As I mentioned, busyness is a defense emanating from our fear of coming out into the world and being seen. One can prioritize compulsive tasks as a way hide from challenge. One can live for others, including family, to annihilate Self and hide one’s feelings of inadequacy by serving others. We can comply with our significant other’s “needs” because we feel anxious to disappoint if we differentiate.
What do I mean by coming out? To come forward with what we enjoy doing, what we always wanted to succeed in: riding horses, writing poetry, going on a retreat, training in a new career, volunteering or running for office. What is important and meaningful for you to engage with?
I am suggesting you free-up your time and energy. Take your laundry to the wash and fold, buy take-out meals some of the time or sign-up for one of the food services that offer delicious meal ingredients and recipes in a box delivered to your door. Find a personal assistant either for administrative help or housekeeping functions (some do both). He or she can help you with all kinds of tasks, paperwork, technological challenges, do errands, grocery shop and laundry — free you from bondage. Hire a bookkeeper, a housecleaner — create a community that supports you.
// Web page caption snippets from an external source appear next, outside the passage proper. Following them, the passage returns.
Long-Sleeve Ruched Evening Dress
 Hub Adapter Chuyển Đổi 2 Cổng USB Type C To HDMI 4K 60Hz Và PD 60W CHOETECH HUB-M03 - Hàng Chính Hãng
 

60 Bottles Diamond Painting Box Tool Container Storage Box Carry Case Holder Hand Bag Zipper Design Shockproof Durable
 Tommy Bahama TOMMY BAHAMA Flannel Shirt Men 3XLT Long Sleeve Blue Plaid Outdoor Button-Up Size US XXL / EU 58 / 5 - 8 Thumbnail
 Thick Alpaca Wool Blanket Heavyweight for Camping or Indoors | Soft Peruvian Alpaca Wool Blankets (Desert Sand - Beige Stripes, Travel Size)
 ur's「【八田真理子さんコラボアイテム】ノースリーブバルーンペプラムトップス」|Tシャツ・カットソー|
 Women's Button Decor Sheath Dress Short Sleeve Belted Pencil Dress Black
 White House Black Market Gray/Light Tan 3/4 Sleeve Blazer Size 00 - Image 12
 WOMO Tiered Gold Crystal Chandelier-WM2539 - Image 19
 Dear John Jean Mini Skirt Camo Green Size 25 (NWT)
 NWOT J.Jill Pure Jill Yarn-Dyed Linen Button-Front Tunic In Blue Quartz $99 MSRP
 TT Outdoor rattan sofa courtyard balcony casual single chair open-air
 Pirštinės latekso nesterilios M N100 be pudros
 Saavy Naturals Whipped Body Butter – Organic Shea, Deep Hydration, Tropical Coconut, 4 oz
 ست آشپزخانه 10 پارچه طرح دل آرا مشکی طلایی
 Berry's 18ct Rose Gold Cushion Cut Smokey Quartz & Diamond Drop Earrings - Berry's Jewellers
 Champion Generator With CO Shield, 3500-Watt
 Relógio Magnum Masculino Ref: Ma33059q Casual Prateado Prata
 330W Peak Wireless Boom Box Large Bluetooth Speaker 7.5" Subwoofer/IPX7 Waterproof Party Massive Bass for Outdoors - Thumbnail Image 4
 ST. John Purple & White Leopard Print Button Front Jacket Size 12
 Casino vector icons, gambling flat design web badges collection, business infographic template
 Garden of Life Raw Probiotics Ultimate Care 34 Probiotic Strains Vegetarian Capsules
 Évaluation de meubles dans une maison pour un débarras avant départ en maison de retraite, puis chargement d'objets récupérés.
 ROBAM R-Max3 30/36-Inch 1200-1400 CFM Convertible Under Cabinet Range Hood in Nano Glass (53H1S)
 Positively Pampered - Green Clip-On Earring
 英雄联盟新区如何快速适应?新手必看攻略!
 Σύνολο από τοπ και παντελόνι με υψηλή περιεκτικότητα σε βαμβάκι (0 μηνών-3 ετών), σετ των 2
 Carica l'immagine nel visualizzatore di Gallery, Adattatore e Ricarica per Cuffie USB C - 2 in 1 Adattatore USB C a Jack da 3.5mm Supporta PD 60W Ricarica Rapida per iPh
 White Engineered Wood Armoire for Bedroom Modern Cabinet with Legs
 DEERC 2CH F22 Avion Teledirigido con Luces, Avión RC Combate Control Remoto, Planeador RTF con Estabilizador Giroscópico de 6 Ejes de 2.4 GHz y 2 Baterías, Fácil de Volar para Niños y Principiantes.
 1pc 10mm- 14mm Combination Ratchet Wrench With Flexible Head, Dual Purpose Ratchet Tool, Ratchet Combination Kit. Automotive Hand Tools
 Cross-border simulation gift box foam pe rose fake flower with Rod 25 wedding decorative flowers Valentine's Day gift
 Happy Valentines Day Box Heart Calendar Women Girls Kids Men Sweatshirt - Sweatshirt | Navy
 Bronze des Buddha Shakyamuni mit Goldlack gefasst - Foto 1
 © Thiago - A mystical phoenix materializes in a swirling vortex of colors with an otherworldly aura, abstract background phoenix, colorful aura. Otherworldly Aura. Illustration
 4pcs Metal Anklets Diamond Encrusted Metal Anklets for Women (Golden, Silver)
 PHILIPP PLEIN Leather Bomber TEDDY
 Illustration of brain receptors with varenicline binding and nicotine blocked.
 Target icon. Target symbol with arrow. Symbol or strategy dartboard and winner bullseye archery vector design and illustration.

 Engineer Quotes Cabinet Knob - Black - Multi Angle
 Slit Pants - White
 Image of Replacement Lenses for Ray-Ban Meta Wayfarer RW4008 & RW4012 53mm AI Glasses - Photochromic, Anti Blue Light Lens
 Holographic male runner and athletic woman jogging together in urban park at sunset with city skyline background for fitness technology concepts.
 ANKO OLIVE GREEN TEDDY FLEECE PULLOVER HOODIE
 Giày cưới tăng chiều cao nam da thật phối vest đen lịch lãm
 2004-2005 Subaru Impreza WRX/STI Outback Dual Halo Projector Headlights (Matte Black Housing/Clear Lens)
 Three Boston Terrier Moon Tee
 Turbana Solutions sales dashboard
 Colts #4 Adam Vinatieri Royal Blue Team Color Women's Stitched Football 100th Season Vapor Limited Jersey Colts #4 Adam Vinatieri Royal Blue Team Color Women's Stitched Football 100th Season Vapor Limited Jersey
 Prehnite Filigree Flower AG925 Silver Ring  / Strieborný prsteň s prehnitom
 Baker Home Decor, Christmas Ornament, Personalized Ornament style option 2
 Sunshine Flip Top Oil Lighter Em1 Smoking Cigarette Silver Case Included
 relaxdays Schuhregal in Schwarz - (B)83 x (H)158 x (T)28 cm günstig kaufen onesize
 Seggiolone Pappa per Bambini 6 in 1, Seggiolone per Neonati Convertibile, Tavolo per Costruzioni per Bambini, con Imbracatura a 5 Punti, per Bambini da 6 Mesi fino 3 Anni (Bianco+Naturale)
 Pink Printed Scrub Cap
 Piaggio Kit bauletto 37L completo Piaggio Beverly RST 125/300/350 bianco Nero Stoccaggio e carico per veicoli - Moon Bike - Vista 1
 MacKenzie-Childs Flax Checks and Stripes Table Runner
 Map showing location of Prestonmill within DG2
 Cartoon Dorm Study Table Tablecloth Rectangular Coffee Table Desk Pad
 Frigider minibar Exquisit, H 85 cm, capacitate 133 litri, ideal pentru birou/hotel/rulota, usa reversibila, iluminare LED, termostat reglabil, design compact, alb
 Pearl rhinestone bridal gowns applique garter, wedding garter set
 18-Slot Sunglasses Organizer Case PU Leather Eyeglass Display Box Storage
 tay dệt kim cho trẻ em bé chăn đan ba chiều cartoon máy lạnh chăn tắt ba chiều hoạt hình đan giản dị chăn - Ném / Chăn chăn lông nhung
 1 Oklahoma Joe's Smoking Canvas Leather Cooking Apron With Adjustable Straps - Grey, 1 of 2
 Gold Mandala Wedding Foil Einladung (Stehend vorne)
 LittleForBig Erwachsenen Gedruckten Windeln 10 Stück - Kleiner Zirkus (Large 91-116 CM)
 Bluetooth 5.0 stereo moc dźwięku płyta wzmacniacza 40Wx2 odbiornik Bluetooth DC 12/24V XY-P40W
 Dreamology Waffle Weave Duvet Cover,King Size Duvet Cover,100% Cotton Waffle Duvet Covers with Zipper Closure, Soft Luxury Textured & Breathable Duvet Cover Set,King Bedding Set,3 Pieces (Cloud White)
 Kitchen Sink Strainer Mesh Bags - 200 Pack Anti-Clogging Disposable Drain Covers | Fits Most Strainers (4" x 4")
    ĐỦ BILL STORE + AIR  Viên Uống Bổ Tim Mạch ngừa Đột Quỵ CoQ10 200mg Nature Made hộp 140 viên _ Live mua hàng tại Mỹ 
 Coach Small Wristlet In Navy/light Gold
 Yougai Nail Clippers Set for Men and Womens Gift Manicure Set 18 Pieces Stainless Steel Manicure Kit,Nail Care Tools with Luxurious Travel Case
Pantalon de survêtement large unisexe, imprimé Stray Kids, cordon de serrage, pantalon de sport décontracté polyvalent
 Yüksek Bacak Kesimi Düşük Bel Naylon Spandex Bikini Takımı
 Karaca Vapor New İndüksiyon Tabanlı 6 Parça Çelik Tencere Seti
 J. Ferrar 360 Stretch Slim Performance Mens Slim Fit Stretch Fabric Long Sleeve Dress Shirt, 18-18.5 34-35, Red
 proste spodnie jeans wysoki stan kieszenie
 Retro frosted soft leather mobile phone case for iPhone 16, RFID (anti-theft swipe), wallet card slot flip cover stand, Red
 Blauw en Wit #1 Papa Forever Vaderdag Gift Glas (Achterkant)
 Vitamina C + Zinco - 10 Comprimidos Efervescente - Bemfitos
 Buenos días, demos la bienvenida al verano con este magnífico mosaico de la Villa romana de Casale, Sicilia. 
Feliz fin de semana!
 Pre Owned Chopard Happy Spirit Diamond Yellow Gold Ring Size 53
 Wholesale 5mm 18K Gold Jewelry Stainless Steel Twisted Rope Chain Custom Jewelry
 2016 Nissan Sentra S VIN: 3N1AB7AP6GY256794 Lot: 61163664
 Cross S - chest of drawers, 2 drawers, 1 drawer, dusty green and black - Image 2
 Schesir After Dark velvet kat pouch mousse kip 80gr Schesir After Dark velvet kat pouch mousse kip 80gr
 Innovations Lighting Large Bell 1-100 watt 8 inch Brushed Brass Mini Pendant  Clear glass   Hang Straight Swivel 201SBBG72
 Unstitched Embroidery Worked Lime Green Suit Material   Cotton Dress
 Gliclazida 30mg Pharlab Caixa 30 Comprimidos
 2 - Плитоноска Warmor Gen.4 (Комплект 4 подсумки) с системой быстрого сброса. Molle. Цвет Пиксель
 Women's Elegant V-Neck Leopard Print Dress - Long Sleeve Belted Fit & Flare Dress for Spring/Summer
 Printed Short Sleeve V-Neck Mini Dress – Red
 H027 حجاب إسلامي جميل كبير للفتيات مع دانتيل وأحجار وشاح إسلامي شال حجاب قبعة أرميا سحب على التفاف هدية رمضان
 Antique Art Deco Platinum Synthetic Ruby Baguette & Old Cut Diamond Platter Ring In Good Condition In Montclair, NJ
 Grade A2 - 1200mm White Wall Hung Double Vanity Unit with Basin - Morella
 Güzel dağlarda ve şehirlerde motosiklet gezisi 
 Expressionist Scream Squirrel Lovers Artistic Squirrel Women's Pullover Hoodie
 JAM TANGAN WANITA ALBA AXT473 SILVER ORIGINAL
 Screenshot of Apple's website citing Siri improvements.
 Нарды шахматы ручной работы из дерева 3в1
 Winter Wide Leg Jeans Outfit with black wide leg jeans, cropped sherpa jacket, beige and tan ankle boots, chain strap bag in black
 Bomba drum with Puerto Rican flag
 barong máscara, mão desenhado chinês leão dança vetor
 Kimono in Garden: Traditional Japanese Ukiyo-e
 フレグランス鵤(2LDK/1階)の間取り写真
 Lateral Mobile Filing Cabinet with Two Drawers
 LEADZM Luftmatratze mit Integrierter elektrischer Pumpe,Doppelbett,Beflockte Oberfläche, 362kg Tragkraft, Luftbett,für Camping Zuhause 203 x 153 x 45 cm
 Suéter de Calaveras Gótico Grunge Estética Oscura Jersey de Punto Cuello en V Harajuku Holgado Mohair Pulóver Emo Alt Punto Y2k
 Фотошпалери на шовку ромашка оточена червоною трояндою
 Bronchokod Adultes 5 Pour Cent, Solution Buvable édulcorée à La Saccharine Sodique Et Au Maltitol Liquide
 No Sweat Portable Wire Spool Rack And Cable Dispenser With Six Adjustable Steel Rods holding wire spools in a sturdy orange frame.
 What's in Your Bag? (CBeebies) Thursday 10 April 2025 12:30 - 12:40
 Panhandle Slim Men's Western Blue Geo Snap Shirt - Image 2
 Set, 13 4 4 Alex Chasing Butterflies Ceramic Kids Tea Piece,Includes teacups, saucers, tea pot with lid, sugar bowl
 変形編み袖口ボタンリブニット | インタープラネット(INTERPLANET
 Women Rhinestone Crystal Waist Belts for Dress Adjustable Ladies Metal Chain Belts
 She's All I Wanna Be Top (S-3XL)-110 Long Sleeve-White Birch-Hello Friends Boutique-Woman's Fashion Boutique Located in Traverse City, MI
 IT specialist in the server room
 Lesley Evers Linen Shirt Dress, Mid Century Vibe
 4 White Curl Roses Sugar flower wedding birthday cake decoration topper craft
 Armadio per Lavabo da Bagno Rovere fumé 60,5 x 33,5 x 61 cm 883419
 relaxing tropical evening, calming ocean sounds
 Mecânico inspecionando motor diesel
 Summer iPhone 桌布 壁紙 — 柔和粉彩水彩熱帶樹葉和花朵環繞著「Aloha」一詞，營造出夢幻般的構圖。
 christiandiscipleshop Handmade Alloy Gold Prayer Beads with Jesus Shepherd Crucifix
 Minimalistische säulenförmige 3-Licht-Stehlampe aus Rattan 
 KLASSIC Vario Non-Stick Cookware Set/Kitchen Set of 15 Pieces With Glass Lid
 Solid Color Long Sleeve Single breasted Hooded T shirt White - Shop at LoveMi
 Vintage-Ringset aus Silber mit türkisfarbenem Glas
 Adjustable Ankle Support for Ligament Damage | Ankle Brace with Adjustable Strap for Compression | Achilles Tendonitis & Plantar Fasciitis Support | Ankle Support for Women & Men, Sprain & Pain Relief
Do you deserve it? Yes! Can you afford it? Yes! Because, as you free-up time and energy, your ability to earn is enhanced; your creativity can blossom, your rest and relaxation increases and that gives you more spaciousness to manifest. Your stress level drops and your satisfaction increases. If you feel resistant to this idea, study your reactions, your beliefs, and observe. What do you learn? Please comment on my blog site.
Challenge yourself to move past your resistance and feel your life change before your eyes.